I have found myself realizing recently that I have been dragging myself down the wrong path through the dark forest of higher education. For three years now I have been struggling to be a music major--practicing, studying, and playing for three years trying desperately how to express myself through music and playing catch up with those who already can. I realized that I already know to express myself through writing, and I've been denying my ability because music was the "right path for me". When all of this became clear to me, and that music isn't the path I should be seriously persuing, I realized that I knew this a long time ago.

I have been writing almost as long as I've been playing music, and even when I grew tired of playing music, I still found solace in writing. Writing gives me a chance to clearly express my thoughts, my ideas, my feelings so that when I tell other people about them, I hear them say "yes". Yes is a powerful word. When I wrote for the bee, I would recieve almost weekly-praises about my articles--people loved reading my articles and I loved writing them. When I played trombone the most common response was "not bad, but..." When I play, I rarely here a genuine "yes."
In this recent internal sojourn down the path of what-do-I-want-to-be-when-I-grow-up I realized that my problem has always lied in the decision making process--the choice of what we do with our lives doesn't come from the path of least-resistance. It comes from the path of most-praises; both personal praises and praises from other people.

...it made him feel so happy, and it made him feel so good...

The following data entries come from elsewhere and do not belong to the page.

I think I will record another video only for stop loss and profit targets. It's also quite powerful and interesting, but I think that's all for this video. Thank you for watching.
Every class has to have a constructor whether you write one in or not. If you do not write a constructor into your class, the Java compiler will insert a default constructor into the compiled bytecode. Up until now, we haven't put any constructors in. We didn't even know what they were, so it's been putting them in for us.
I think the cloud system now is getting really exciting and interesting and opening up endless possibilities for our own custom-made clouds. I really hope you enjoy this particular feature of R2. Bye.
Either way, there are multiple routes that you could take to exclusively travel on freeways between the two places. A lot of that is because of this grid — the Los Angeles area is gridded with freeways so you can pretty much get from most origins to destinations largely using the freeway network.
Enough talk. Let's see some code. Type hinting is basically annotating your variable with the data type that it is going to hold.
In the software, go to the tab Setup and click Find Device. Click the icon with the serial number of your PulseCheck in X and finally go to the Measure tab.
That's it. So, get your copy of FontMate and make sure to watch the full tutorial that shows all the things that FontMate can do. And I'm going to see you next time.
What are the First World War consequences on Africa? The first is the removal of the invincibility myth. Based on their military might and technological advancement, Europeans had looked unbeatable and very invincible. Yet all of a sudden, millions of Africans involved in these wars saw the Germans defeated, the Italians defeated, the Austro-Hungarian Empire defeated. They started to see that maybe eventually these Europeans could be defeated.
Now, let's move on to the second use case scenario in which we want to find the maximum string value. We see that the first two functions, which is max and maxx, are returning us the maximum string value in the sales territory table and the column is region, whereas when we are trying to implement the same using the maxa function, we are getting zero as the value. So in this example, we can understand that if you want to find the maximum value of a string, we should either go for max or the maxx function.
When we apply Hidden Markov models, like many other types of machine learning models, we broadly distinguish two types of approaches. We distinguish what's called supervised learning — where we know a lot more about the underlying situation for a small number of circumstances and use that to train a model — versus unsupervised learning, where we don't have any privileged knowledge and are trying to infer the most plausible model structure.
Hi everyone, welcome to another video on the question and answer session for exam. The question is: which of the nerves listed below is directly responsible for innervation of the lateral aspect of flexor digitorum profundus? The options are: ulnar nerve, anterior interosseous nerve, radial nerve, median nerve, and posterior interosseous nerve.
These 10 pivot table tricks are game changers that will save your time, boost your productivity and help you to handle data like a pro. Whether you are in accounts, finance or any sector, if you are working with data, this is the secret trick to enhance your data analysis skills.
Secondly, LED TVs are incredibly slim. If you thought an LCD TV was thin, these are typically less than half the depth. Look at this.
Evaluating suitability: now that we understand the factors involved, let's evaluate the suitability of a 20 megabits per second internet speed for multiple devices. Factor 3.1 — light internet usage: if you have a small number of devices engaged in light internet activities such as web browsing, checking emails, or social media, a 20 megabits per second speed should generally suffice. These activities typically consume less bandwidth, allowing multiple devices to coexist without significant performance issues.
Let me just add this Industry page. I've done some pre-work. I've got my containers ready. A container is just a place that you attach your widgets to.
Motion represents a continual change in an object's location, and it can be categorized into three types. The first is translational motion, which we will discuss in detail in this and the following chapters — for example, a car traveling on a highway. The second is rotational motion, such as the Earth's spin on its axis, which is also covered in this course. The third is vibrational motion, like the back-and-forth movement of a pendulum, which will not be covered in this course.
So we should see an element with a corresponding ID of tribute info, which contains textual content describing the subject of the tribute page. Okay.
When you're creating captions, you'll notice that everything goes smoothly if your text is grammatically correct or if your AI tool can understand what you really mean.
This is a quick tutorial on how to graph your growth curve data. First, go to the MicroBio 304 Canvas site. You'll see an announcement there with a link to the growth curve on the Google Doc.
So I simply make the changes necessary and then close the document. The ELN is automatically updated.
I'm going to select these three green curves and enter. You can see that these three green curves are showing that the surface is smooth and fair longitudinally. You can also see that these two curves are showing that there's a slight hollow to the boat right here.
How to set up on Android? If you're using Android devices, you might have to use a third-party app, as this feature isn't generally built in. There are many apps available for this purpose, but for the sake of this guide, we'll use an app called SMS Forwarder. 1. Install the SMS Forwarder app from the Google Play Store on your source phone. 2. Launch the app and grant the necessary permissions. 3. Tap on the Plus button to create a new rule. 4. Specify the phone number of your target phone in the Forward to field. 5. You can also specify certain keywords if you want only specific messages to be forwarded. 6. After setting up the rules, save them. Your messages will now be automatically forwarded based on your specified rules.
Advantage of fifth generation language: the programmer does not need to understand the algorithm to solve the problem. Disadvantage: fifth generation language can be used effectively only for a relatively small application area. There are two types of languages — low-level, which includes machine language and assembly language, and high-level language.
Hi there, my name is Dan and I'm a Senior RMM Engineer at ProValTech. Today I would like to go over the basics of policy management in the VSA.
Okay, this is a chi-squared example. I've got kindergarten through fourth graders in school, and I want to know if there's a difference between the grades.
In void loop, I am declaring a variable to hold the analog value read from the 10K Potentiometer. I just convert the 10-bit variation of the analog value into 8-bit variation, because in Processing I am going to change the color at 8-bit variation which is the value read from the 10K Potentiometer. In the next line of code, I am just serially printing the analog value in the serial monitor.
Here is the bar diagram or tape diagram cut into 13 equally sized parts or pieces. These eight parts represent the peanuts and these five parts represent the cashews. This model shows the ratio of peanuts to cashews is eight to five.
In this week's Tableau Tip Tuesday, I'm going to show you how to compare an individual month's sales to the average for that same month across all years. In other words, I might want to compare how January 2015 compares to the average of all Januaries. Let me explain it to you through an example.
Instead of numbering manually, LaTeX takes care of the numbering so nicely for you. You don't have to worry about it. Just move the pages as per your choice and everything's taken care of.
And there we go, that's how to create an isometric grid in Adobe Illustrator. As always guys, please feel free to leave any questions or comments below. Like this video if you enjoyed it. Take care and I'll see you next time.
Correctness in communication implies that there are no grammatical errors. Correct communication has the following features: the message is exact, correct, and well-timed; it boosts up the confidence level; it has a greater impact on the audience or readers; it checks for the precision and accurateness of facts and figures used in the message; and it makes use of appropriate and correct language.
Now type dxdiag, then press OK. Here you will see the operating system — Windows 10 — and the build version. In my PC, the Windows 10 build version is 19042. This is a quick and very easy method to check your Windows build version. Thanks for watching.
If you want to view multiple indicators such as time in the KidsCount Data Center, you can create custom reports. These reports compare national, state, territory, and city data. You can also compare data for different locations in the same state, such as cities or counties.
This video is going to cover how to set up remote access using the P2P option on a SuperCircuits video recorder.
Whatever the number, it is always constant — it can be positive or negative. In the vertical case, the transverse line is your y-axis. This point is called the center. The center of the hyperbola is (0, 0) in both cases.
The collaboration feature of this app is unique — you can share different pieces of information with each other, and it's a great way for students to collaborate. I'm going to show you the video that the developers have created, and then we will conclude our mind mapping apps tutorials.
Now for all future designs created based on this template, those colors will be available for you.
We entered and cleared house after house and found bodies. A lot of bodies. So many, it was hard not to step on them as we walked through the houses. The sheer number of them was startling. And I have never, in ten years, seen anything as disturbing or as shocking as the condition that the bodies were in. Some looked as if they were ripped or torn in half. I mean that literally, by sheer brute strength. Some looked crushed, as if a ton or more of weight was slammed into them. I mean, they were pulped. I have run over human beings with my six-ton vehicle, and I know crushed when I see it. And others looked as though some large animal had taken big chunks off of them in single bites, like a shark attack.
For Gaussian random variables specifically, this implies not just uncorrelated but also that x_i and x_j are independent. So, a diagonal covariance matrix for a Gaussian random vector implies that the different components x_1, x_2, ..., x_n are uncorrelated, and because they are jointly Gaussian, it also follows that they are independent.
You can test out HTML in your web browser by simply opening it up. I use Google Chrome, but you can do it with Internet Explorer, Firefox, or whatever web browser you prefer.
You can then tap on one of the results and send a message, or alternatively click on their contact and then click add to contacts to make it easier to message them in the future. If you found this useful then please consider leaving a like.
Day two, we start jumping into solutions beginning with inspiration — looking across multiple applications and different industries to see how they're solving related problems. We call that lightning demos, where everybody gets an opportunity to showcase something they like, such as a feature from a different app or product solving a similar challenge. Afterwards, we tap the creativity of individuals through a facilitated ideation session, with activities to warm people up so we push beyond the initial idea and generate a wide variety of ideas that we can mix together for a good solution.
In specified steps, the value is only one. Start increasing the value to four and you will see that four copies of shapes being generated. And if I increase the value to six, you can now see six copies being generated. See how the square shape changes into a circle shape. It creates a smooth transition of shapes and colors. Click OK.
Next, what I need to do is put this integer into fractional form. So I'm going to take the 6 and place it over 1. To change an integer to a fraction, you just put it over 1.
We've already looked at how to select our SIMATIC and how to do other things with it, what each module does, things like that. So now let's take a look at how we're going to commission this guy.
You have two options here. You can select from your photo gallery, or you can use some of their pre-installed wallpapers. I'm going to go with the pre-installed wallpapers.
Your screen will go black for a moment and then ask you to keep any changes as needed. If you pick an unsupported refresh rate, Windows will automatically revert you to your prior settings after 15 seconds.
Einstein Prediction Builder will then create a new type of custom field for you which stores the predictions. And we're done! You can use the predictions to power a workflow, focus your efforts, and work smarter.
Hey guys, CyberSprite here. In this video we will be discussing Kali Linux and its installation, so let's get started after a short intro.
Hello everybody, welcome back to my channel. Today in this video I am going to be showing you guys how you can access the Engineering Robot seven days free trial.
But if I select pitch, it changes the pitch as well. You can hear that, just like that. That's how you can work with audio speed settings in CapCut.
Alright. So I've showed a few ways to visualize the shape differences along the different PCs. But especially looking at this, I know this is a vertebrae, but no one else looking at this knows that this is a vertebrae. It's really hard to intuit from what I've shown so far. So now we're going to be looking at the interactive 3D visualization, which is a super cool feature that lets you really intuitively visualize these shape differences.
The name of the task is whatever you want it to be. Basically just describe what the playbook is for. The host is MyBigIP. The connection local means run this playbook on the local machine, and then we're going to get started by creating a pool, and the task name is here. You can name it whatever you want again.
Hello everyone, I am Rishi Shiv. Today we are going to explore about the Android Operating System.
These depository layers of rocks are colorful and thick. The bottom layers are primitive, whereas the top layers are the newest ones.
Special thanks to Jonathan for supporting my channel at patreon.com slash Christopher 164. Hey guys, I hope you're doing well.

This decision wasn't easy. My dad is a musician, my mom is a musician, my sister is a musician, my grandmother was a musician, all of my friends are musicians. Music has been my life, literally, since the day I was born. Since I can remember I've always known that I would be some sort of musician, even through the constant search for which is the right career for me (you know the routine, astronaut, fireman, police officer, member of the X-men, the usual) I knew music would someone be in there. It was logical for me to simply go with music, but there lies the problem. There is a fine line between passion and career, and the problem with all passion is that soaring highs can easily turn into desperate lows. I was working so hard at playing music that it stopped being fun, I began to forget why I wanted to be a music major, and slowly but surely it became clear that I, in fact, didn't. I love music, I absolutely love music, I love music so much that if I keep trying to be a music major I'm going to wind up jaded towards it and I will lose the passion I already have--I can't bear for that to happen.

Sometimes the only thing that tells us if we're redy for the plunge, it to go ahead and take it. Sometimes we find out it's not the right one. The trick is getting off the path and starting over before you get too far down the line. The more I think about it, the more I dwell on it, the more I (heh) write about it; the more I realize that writing is where I feel at home.


...and he did not know how well he sang, it just made him home...





(thank you, Harry Chapin--for everything)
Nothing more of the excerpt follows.